Australia — The Victorian Bushfire Royal Commission into the February 7 fires has been released.
The final report includes findings and recommendations on the Bendigo and Redesdale fires.
In regards to the Bendigo and Eaglehawk fires, the report indicates –
Management in CFA Region 2 did not plan adequately for the possibility of more than one major fire in the region.
When the second fire did break out on the outskirts of Bendigo, facilities and the personnel available to manage the incident were inadequate. Qualified staff were concentrated at the Epsom ICC and the Adam Street ICC facilities were unsatisfactory.
The latter ICC was largely disconnected from the Bendigo fire response, particularly in the crucial hours before and immediately after the wind change.
Despite this, credit is due to the firefighters who responded to the Bendigo fire: they were able to respond operationally to fighting the fire, establish a working incident management structure, and deploy resources effectively.

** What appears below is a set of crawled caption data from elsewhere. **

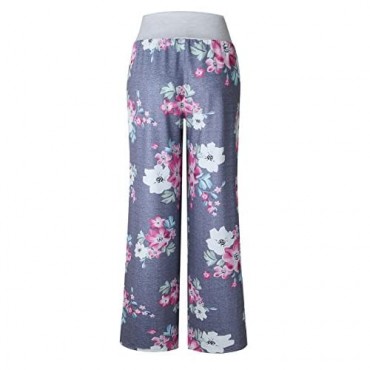 Voopptaw Women's Casual Pajama Pants Floral Print Drawstring Wide Leg Palazzo Lounge Pants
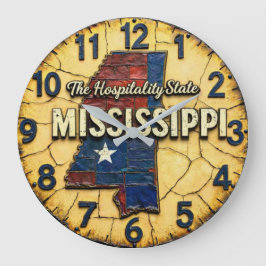 Mississippi map state The Hospitality Rustic Große Wanduhr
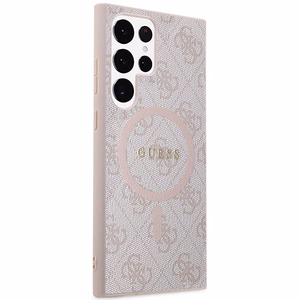 Guess 4G Collection Nahkainen Metal Logo MagSafe Suojakuori Samsung Galaxy S24 Ultralle - vaaleanpunainen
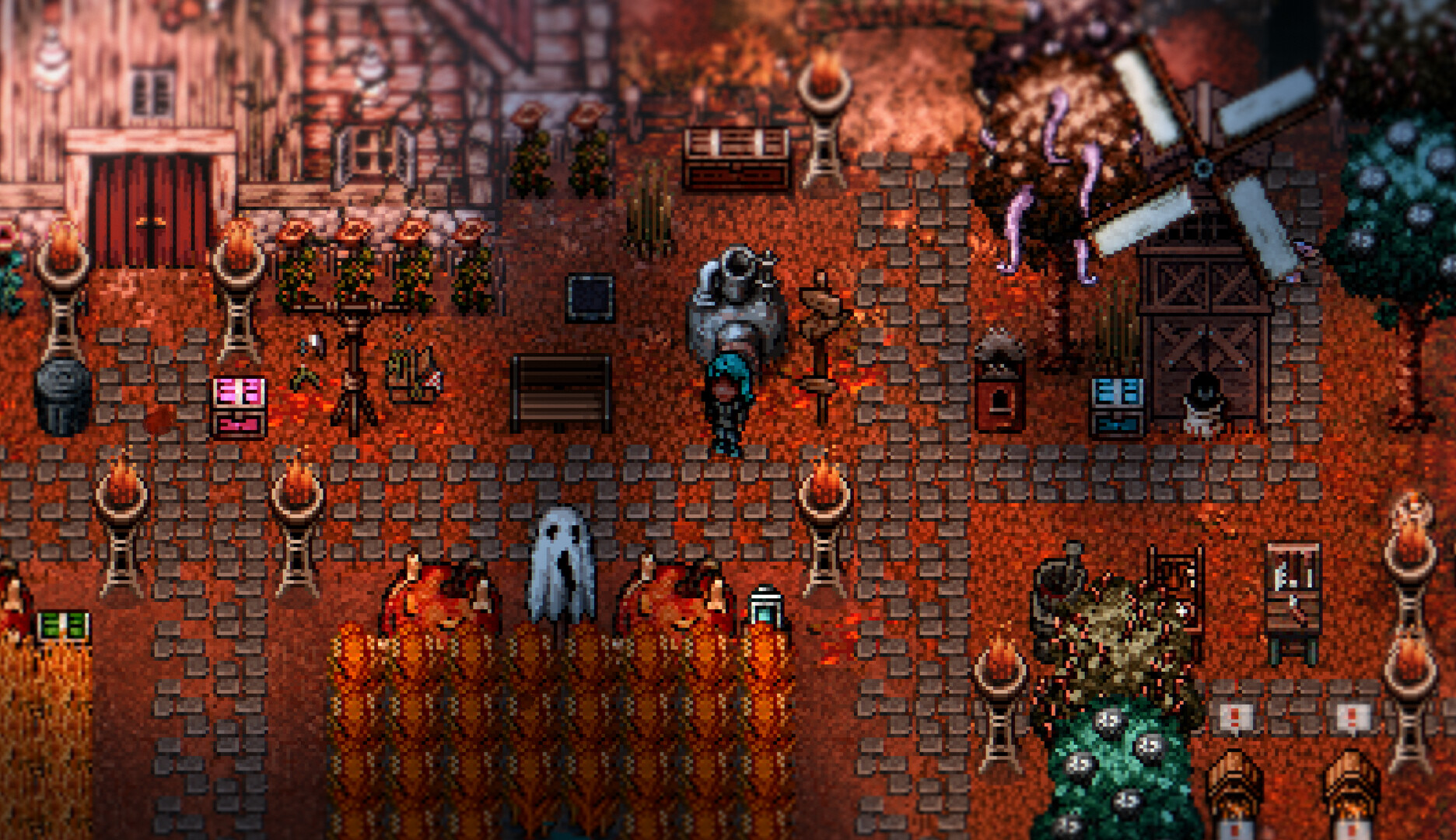 Official Welcome to Elderfield screenshot showing turn-based combat and the game's horror contrast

They did this in circumstances in which radio communications were poor, which could explain why many people at the fire ground were unaware of the Adam Street ICC until so late in the day.
The almost total breakdown in radio communication between the fire ground and the Adam Street ICC was an important feature of the Bendigo fire.
Mr Gilmore gave evidence of repeated unsuccessful attempts to contact the CFA field commanders using the CFA radio. Mr Wilkie of DSE experienced similar radio communication problems from the fire ground, which suggests that it was not only the CFA’s radio system that was struggling.
Witnesses attributed these problems to a number of causes, among them heat and smoke and the inadequate facilities at the Adam Street ICC.
An inter-agency initiative that did work well, though, was the allocation of a police member to each of the sector commanders for the Bendigo fire. This was arranged through the MECC during the evening of 7 February. The arrangement proved mutually beneficial: the police were able to help the sector commanders deal with small concerns before they became big problems, and their presence in the sector commanders’ vehicles meant they had access to good information about the fire situation.
The Redesdale report meanwhile concluded the following –
The efficient way in which information was gathered and shared by the incident management team enabled assessment of communities at risk, prompt preparation and distribution of informative warnings, and the setting up of appropriate road closures.
Most crucially, it allowed the IMT to develop the firefighting strategy, which involved a concentrated effort to secure the north-eastern flank before the wind change, thus improving the protection of the Redesdale, Mia Mia and Heathcote communities further to the north-east.
This approach was finalised within an hour of the Epsom ICC assuming control of the incident and was effectively implemented in the two hours before the wind change arrived.
In the Commission’s view, the Epsom IMT’s effective management of the Redesdale fire is testament to good planning and agency cooperation in the lead-up to a day of extreme fire danger, in particular pre-positioning properly qualified and experienced staff in an IMT.
It also highlights the value of focusing on gathering and sharing information within the IMT, between fire agencies and with the public.
Fire agencies’ response to the Redesdale fire was, however, impeded by communication difficulties. Radio communications between Redesdale divisional command and the fire ground were poor.
Mobile telephone communications were intermittent, and ground observers were unable to transmit information electronically via broadband internet connection. At times Mr Brittain was unable to make contact with sector commanders, and it was necessary to bring them to the operations point at Redesdale for briefings.
Mr Brittain attributed these difficulties to various causes, among them the topography of the area, heat and smoke, and radio black spots.
Members of Victoria Police responding to the Redesdale fire also had problems with radio communications. Although they appear to have had better radio reception than CFA members, their communications were impeded by the high volume of radio traffic directed through the police communications network, D24.
The Commission heard evidence that Mount Alexander and Macedon Ranges Shires provided a great deal of support, considering that Greater Bendigo and Mitchell Shires were fully occupied with other fires in their municipalities. The detail of the emergency response within the Mount Alexander and Macedon Ranges Shires is, however, largely unknown because no statements were provided to the Commission for the Municipal Emergency Response Coordinator and Municipal Emergency Resource Officers for those municipalities.